Description: When importing a tsv or csv without string delimiters, if the final column consists of only whitespace it adds corrupt data to that column. If the final column is empty the row loads correctly. Also if the string delimiter is set to anything (even if the delimiter character does not appear in the document) the file loads correctly. One interesting behavior is initially the csv import dialog doesn't show corruption in the preview, however if you change any options the corruption appears. Tested reproducible on versions 5.4, 6.4, 7.0 Steps to Reproduce: 1. Have CSV/TSV file without string delimiters and with trailing column consisting of only whitespace 2. Turn off string delimiters in import dialog box 3. Click OK Actual Results: Right hand column contains corrupt data Expected Results: Right hand column blank Reproducible: Always User Profile Reset: Yes Additional Info: Version: 7.0.0.3 (x64) Build ID: 8061b3e9204bef6b321a21033174034a5e2ea88e CPU threads: 24; OS: Windows 10.0 Build 19041; UI render: Skia/Vulkan; VCL: win Locale: en-GB (en_GB); UI: en-GB Calc: CL
Created attachment 164559 [details] CSV file that triggers issue
Created attachment 164560 [details] Screenshot of initial import dialog display
Created attachment 164561 [details] Screenshot of import dialog after changing settings
Created attachment 164562 [details] Screenshot after file opens in calc
Confirmed. The key is to erase the double-quote in the string-delimiter box. Seems to have worked in LO 3.6. Bibisected with bibisect-linux-43all to get the range https://cgit.freedesktop.org/libreoffice/core/log/?qt=range&q=a1ac2538e9b287444500618ab4d2f0f06c25cf34..19f4ebd8a54da0ae03b9cc8481613e5cd20ee1e7 Nothing clearly obvious in this range, but various suspicious commits involving ICU and libexttextcat. Bad _bibisect 43all commit_ a67b874d60de1f1a44bef57a53a7b8a84db0ba58.

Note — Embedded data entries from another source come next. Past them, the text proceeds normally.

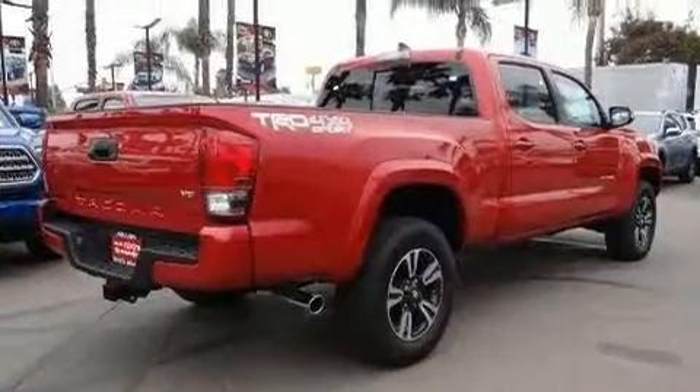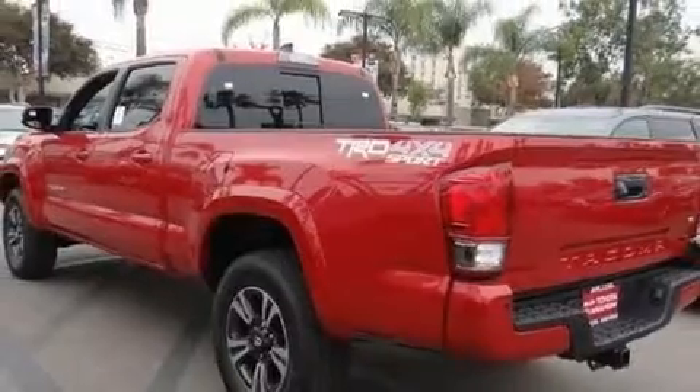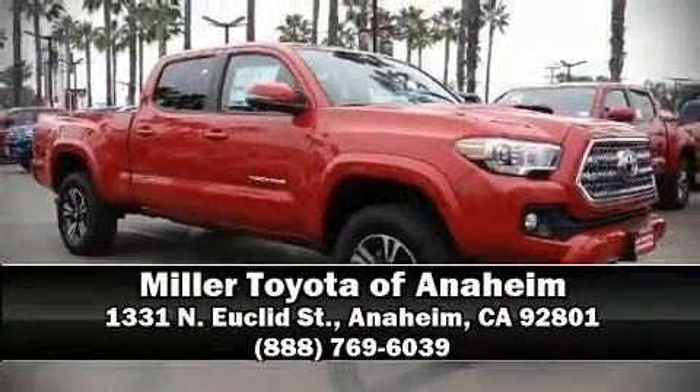Brake Assist technology provides extra pressure when applying the brakes. We'd also be happy to help you arrange financing for your vehicle. Please don't hesitate to give us a call.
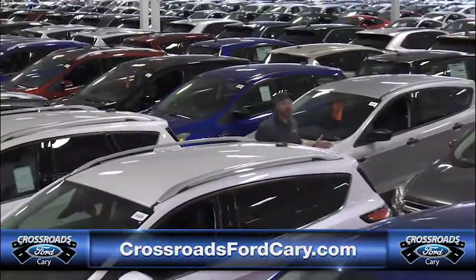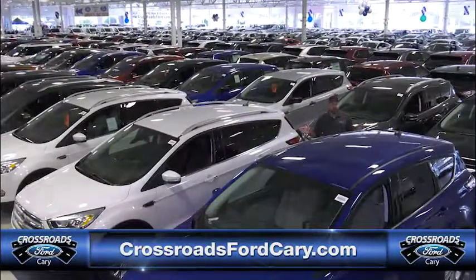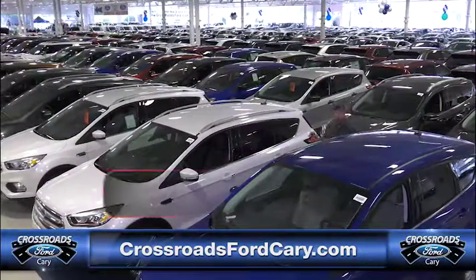Alan Boyd with Crossroads Ford Cary. Look, what you're seeing is real. This is over 360 new Fords inside the showroom, and we're talking about deals like every single Escape on sale.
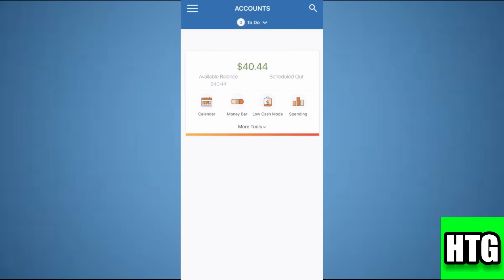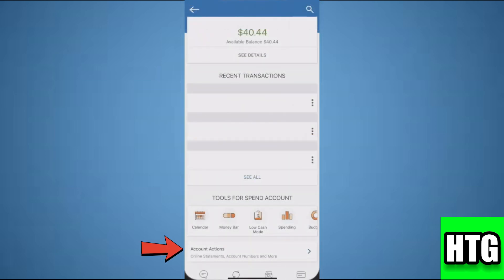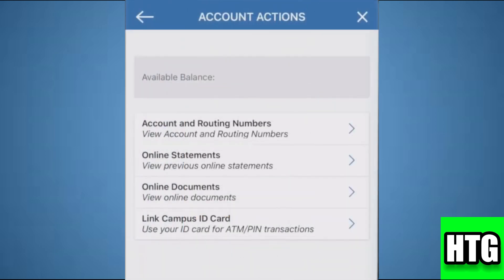Over here you have to tap on available balance. Then tap on account actions. After that you have to tap on account and routing numbers.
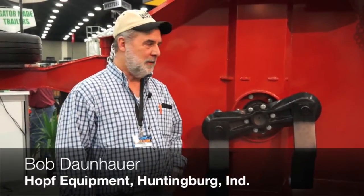Morning, I'm Bob Donahuer with Hope Equipment, Honeybird, Indiana. We are a Case IH dealer and we do sell the Rhino brand. We definitely enjoy selling the Rhino brand due to its robust characteristics. They hold up very well. We get a lot of these out in the field — just a great piece of equipment.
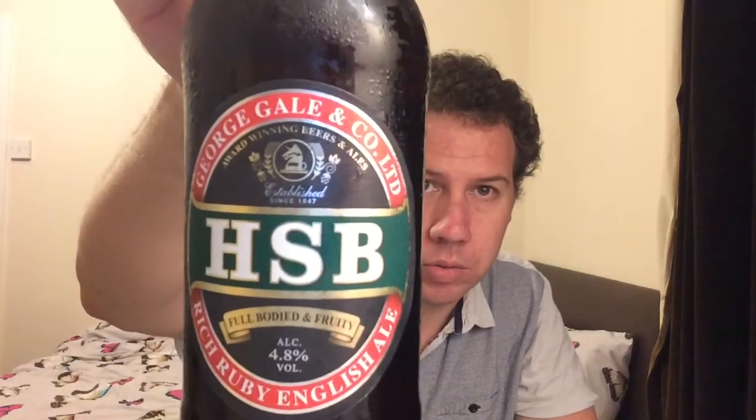Hello, welcome to Kent Beer Reviews. I've got a beer here I purchased in Asda the other day and it's HSB from George Gale & Co Ltd.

I think its worth adding this comment here rather than opening a new bug... If you choose tab delimited, and string quote character double quote ( " ), then the following makes it choke f1\tf2\t"f3",xxx\tf4 What happens, everything after f3... even to the very end of the file (no matter how many lines and fields that includes) will get dumped into one cell. Now one might argue that the above is badly formatted (should quotes end right at field end?), but this is not the right way to handle it. Another thing, it wasn't obvious to me in the gui that the string delimited dropdown list was editable. I think a dropdown list here is pointless and distracting. Everyone uses either double quote or nothing. I would argue that as soon as you select tab delimited, this field should default to blank, because as far as I can tell, the whole internet is agreed that TSV files don't have a string quote character.

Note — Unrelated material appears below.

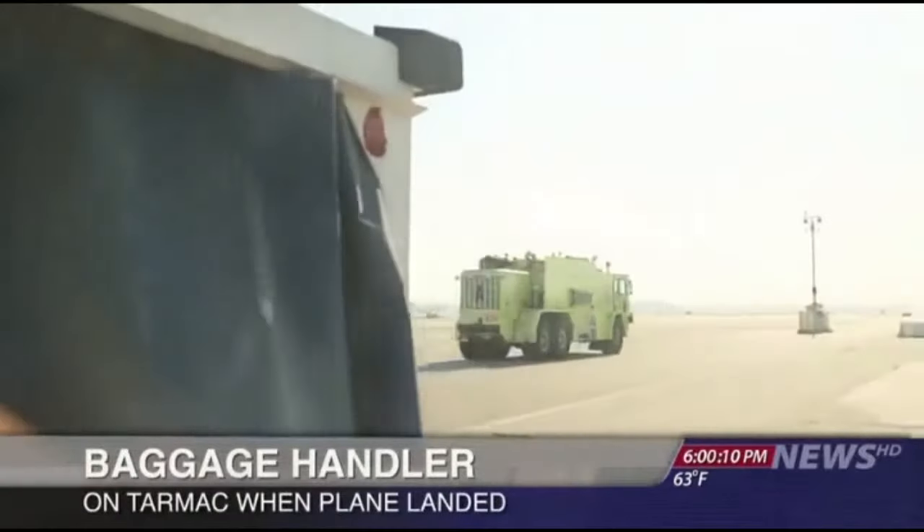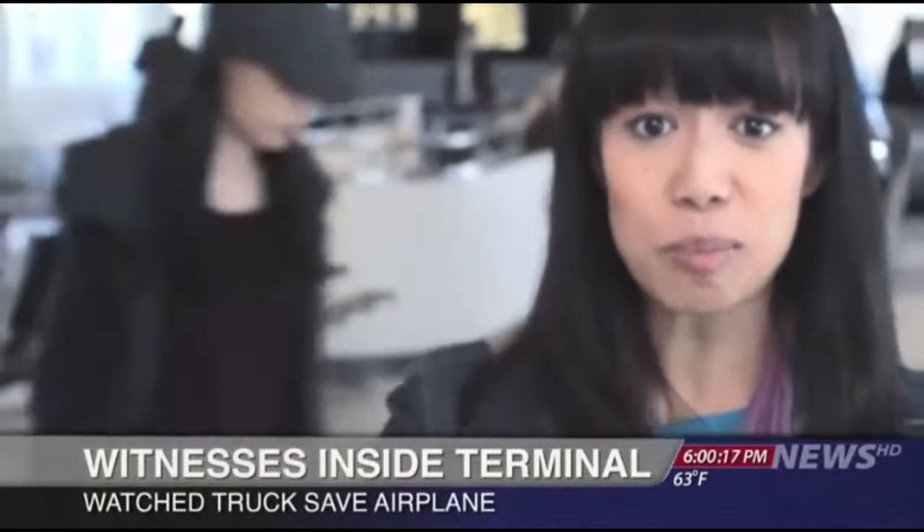I was right out here. I was afraid for the people on the plane. The front wheels weren't coming down, and so it needed help landing.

(In reply to xpusostomos from comment #6) > Another thing, it wasn't obvious to me in the gui that the string delimited > dropdown list was editable. I think a dropdown list here is pointless and > distracting. Everyone uses either double quote or nothing. You certainly know everyone and every usage and can be sure no one, absolutely no one, uses anything else. > I would argue > that as soon as you select tab delimited, this field should default to > blank, because as far as I can tell, the whole internet is agreed that TSV > files don't have a string quote character. Oh yes? Is it? Could you point out such agreement? So you'd argue that embedded tabs and embedded line feeds are not possible at all in a TSV file?

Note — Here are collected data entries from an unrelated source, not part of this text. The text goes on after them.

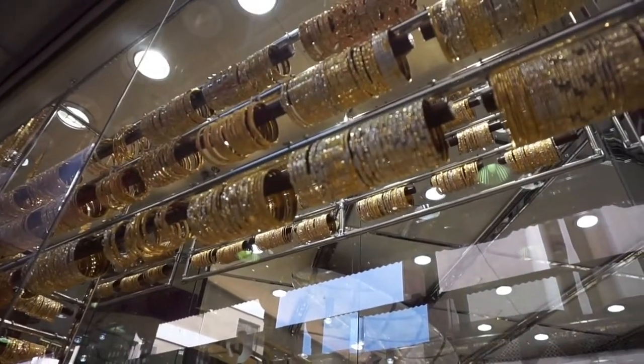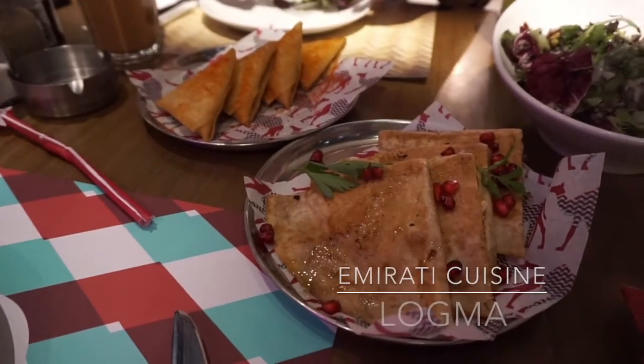My original plan was to get 24 karat gold, but I realized they're actually quite vulnerable — if you slam it against a door or drop it, it's easy for it to get bent out of shape. I know I'm not the most graceful person, so I decided not to take that risk. Also, they didn't really have the designs I wanted in 24 karat anyway, so I ended up getting an 18 karat super nice thin gold bracelet. We had some Middle Eastern food for dinner at Logma.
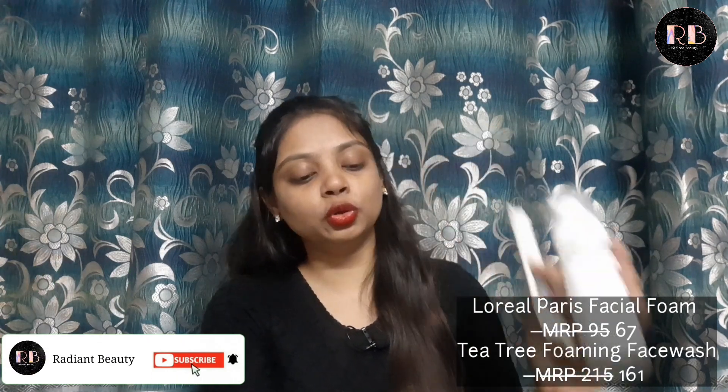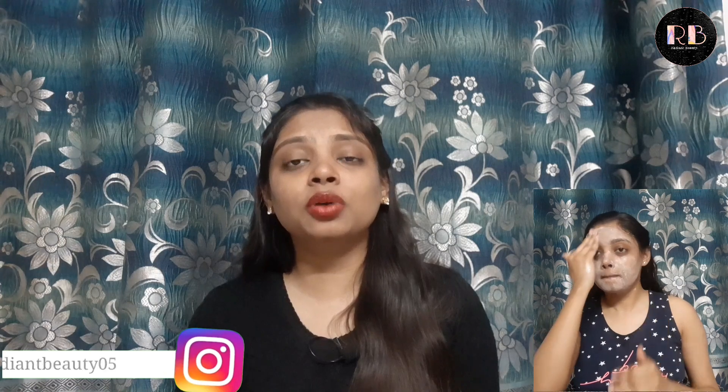Most foaming face washes tend to make your skin dry, but I don't feel that with these — as you can see, this is my second purchase. I have used it before and had a good experience. I also use Choco Coffee Glow Scrub from Good Vibes, which is my current favourite.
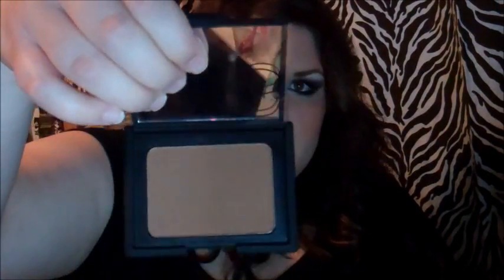Then I just got NARS Casino Bronzer. I think it's darker than the Laguna Bronzer. I tried out the Laguna Bronzer and I tried out Casino, and Casino is my favorite out of the two of them. So I picked that up.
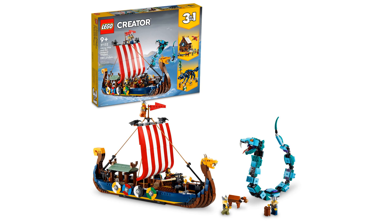The LEGO Creator Viking Ship 31132 offers children an exciting three-in-one building experience with a Viking boat, house, and Fenris the wolf figure.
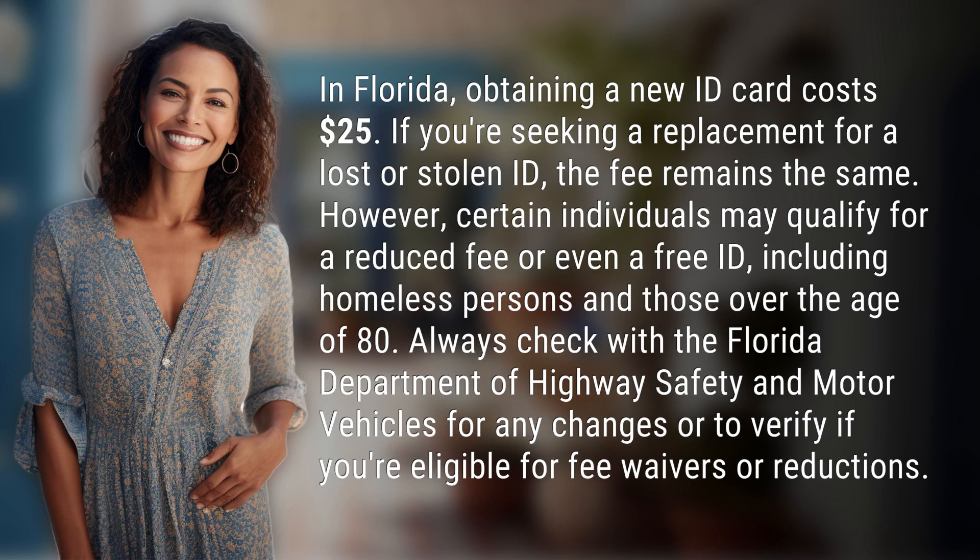However, certain individuals may qualify for a reduced fee or even a free ID, including homeless persons and those over the age of 80. Always check with the Florida Department of Highway Safety and Motor Vehicles for any changes or to verify if you're eligible for fee waivers or reductions.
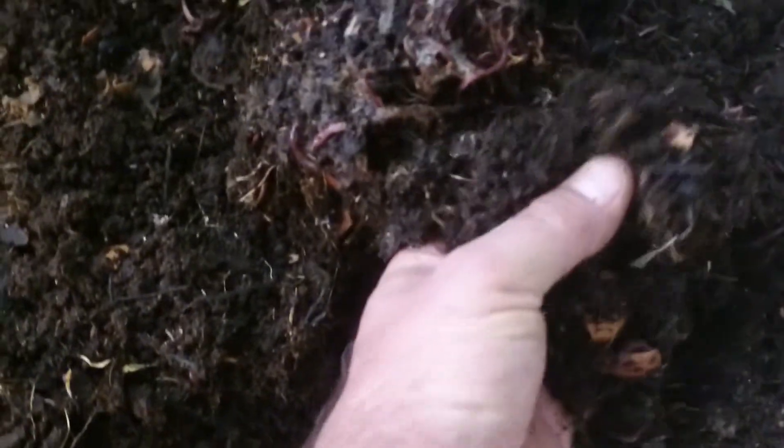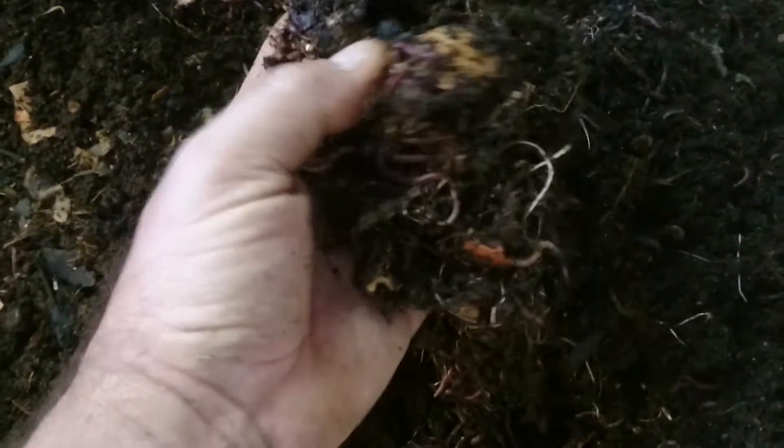I don't think anyone would be upset with having those sort of worm densities in a farm. There'd be maybe even say 25% of that bedding is actually worms.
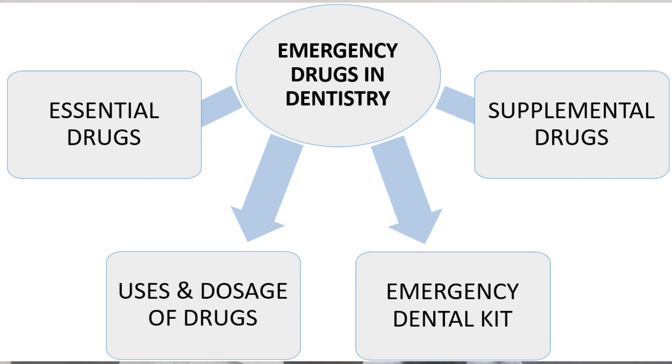Hi everyone, welcome back to my channel. This is Dr. Shilpi here, and in this video today we'll be discussing about the emergency drugs used in dentistry. We'll be discussing about the essential drugs, the supplemental drugs, their dosages, their indications, and also briefly talking about a dental emergency kit.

Reproduced with 7.1.4 Appears to be fixed since 7.1.5, most likely with bug 142395. *** This bug has been marked as a duplicate of bug 142395 ***
(In reply to Eike Rathke from comment #7) I enjoyed comment 6 very much, made me recall playing with MySQL's "SELECT INTO OUTFILE" [1], where it puts even null bytes (and any other bytes that may appear in BLOBS), with configurable FIELDS ENCLOSED BY, LINES TERMINATED BY, and even absolutely inconsistent FIELDS ESCAPED BY, that needed a home-grown parser [2], because they obviously didn't know what xpusostomos knew ;) [1] https://dev.mysql.com/doc/refman/8.0/en/select-into.html [2] https://mikekaganski.wordpress.com/2021/02/18/reading-from-mysql-data-with-blobs-dumped-to-csv/